REQUIRED ACTION:
For every entry below, retype it exactly as it reads.

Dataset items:

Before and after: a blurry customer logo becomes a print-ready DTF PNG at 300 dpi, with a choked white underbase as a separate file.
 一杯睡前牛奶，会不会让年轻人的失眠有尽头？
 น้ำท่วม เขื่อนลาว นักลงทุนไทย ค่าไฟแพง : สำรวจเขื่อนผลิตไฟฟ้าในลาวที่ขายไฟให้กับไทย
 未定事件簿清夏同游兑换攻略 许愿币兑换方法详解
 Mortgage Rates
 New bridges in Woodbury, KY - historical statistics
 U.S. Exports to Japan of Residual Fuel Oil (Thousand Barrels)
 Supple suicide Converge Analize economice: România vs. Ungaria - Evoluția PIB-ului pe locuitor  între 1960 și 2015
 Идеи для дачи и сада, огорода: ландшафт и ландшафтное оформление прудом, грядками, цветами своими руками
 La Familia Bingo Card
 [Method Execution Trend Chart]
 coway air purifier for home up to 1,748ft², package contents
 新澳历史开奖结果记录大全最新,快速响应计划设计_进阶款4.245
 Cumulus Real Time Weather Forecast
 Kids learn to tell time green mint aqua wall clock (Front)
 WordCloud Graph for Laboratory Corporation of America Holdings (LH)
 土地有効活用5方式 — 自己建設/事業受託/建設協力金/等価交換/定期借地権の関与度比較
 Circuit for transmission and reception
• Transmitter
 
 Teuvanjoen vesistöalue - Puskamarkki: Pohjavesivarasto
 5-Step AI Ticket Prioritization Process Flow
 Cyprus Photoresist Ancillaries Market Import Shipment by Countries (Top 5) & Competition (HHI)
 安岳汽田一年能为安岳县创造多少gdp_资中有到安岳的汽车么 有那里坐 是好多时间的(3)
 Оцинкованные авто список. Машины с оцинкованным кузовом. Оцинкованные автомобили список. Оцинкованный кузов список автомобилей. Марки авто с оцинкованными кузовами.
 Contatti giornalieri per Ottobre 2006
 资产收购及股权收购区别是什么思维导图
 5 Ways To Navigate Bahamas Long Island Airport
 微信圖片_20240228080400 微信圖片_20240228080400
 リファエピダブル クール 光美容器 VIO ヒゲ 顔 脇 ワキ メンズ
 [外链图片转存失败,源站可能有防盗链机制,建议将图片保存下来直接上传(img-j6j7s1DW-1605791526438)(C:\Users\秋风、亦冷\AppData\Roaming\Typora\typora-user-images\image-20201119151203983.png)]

ANSWER SECTION:
Before and after: a blurry customer logo becomes a print-ready DTF PNG at 300 dpi, with a choked white underbase as a separate file.
 一杯睡前牛奶，会不会让年轻人的失眠有尽头？
 น้ำท่วม เขื่อนลาว นักลงทุนไทย ค่าไฟแพง : สำรวจเขื่อนผลิตไฟฟ้าในลาวที่ขายไฟให้กับไทย
 未定事件簿清夏同游兑换攻略 许愿币兑换方法详解
 Mortgage Rates
 New bridges in Woodbury, KY - historical statistics
 U.S. Exports to Japan of Residual Fuel Oil (Thousand Barrels)
 Supple suicide Converge Analize economice: România vs. Ungaria - Evoluția PIB-ului pe locuitor  între 1960 și 2015
 Идеи для дачи и сада, огорода: ландшафт и ландшафтное оформление прудом, грядками, цветами своими руками
 La Familia Bingo Card
 [Method Execution Trend Chart]
 coway air purifier for home up to 1,748ft², package contents
 新澳历史开奖结果记录大全最新,快速响应计划设计_进阶款4.245
 Cumulus Real Time Weather Forecast
 Kids learn to tell time green mint aqua wall clock (Front)
 WordCloud Graph for Laboratory Corporation of America Holdings (LH)
 土地有効活用5方式 — 自己建設/事業受託/建設協力金/等価交換/定期借地権の関与度比較
 Circuit for transmission and reception
• Transmitter
 
 Teuvanjoen vesistöalue - Puskamarkki: Pohjavesivarasto
 5-Step AI Ticket Prioritization Process Flow
 Cyprus Photoresist Ancillaries Market Import Shipment by Countries (Top 5) & Competition (HHI)
 安岳汽田一年能为安岳县创造多少gdp_资中有到安岳的汽车么 有那里坐 是好多时间的(3)
 Оцинкованные авто список. Машины с оцинкованным кузовом. Оцинкованные автомобили список. Оцинкованный кузов список автомобилей. Марки авто с оцинкованными кузовами.
 Contatti giornalieri per Ottobre 2006
 资产收购及股权收购区别是什么思维导图
 5 Ways To Navigate Bahamas Long Island Airport
 微信圖片_20240228080400 微信圖片_20240228080400
 リファエピダブル クール 光美容器 VIO ヒゲ 顔 脇 ワキ メンズ
 [外链图片转存失败,源站可能有防盗链机制,建议将图片保存下来直接上传(img-j6j7s1DW-1605791526438)(C:\Users\秋风、亦冷\AppData\Roaming\Typora\typora-user-images\image-20201119151203983.png)]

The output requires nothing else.